WORKING DATA below:

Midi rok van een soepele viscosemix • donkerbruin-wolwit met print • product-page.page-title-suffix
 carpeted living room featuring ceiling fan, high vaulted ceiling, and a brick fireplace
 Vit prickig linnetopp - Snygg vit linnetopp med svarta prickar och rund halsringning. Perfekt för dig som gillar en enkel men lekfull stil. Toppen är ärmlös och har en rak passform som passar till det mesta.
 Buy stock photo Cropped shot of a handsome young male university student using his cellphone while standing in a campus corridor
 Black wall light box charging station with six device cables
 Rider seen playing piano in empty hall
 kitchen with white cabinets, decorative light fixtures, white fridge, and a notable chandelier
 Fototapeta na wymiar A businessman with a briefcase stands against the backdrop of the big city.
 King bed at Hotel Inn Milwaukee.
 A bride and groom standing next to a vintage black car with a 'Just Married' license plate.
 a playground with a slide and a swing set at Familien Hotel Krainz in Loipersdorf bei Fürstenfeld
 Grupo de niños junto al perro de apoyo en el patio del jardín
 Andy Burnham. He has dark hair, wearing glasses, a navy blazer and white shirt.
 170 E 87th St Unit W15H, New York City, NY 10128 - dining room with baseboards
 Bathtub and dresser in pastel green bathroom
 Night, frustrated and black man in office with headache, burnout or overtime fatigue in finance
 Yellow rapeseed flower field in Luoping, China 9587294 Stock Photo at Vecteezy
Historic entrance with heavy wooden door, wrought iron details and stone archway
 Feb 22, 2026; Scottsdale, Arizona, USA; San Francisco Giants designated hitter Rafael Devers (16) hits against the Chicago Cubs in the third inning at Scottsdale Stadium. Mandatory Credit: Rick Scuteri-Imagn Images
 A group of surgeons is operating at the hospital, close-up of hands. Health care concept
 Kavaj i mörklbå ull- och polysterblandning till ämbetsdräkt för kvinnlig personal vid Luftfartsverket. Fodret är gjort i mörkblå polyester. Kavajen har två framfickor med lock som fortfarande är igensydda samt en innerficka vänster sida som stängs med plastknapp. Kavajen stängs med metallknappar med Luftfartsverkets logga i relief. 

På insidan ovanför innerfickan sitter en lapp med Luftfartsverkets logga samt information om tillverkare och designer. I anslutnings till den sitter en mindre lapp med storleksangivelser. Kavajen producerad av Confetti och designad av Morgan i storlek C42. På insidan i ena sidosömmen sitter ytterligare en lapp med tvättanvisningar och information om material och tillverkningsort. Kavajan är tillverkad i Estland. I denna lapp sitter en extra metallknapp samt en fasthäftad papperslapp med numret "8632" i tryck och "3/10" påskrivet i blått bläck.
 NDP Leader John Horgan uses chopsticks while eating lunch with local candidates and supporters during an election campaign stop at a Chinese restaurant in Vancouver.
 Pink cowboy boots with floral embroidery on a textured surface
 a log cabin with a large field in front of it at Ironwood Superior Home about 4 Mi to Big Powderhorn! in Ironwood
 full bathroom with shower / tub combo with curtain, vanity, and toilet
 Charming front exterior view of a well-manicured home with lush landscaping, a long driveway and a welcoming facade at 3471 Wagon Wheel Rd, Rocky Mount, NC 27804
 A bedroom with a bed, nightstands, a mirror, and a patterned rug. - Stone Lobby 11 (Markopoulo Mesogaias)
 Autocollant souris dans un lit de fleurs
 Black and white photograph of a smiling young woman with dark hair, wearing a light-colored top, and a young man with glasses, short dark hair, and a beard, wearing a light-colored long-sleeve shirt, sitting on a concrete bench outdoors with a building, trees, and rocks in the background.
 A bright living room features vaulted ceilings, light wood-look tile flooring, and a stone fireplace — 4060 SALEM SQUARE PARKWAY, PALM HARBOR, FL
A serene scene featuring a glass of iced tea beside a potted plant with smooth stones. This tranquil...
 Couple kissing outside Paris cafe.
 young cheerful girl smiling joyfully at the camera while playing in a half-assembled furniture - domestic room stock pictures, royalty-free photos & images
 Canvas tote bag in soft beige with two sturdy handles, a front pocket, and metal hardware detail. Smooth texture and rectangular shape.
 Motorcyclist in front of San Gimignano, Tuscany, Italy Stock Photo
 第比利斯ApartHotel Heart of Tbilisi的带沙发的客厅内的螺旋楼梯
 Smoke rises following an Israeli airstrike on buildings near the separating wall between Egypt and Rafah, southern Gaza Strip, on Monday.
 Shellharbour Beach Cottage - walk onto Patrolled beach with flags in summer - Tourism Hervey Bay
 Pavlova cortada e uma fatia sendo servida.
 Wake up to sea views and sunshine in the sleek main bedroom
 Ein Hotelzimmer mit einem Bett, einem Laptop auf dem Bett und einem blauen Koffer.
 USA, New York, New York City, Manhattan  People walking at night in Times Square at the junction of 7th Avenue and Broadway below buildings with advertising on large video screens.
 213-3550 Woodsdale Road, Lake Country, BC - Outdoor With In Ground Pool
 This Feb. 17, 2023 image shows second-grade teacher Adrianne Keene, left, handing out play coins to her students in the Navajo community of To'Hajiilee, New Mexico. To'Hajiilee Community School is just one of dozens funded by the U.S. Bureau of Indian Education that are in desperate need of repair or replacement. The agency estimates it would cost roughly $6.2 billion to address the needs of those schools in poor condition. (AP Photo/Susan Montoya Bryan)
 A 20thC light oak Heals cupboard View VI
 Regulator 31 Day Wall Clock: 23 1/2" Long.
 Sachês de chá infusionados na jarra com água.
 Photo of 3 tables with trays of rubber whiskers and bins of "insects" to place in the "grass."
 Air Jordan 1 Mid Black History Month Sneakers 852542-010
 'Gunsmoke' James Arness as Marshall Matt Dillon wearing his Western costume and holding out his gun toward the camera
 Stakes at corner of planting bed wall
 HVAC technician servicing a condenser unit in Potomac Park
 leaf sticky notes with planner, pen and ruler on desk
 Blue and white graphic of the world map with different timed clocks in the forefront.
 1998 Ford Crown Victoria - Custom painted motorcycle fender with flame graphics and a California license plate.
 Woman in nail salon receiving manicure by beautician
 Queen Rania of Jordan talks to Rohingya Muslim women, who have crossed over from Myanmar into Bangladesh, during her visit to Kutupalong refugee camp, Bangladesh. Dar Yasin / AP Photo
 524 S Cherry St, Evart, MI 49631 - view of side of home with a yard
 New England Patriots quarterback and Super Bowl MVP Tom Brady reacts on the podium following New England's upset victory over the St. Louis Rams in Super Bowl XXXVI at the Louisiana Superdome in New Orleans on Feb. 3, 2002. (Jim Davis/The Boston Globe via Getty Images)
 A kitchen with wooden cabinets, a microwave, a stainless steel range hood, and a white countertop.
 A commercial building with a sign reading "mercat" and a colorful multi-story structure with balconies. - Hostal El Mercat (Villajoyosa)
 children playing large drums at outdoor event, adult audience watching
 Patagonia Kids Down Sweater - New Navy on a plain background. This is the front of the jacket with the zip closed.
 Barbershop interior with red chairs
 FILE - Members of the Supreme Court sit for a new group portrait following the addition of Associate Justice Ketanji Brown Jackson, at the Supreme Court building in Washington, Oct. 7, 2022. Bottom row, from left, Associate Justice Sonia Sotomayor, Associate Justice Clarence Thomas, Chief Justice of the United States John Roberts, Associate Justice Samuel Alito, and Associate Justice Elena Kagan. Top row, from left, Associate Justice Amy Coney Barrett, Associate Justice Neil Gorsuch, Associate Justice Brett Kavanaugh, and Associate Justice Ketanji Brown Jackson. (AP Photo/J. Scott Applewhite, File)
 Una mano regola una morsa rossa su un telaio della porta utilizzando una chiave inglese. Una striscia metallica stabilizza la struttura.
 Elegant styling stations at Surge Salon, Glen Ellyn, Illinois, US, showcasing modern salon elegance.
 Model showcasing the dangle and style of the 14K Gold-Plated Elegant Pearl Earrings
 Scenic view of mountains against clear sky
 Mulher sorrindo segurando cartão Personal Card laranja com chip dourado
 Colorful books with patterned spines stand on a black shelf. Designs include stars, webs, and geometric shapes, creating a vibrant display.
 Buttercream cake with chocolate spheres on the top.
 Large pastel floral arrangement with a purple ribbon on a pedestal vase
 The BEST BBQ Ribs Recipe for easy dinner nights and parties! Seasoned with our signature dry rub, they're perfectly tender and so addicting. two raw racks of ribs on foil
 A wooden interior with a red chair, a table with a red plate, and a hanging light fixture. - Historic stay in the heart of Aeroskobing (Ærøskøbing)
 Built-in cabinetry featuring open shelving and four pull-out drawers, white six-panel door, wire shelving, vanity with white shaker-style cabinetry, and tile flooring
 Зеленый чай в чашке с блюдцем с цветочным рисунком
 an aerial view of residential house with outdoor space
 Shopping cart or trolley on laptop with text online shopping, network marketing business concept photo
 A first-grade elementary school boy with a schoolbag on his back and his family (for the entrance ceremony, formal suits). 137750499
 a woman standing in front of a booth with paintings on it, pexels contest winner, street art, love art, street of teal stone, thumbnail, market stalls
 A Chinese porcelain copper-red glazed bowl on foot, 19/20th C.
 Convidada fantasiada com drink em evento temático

End of WORKING DATA.

__WHAT THE EXERCISE ASKS__: From the entries above, print the lines beginning at the one with "Smoke rises following" and stopping after the one with "213-3550 Woodsdale Road, Lake", exactly as written and with nothing else.

__RESULT BELOW__:
 Smoke rises following an Israeli airstrike on buildings near the separating wall between Egypt and Rafah, southern Gaza Strip, on Monday.
 Shellharbour Beach Cottage - walk onto Patrolled beach with flags in summer - Tourism Hervey Bay
 Pavlova cortada e uma fatia sendo servida.
 Wake up to sea views and sunshine in the sleek main bedroom
 Ein Hotelzimmer mit einem Bett, einem Laptop auf dem Bett und einem blauen Koffer.
 USA, New York, New York City, Manhattan  People walking at night in Times Square at the junction of 7th Avenue and Broadway below buildings with advertising on large video screens.
 213-3550 Woodsdale Road, Lake Country, BC - Outdoor With In Ground Pool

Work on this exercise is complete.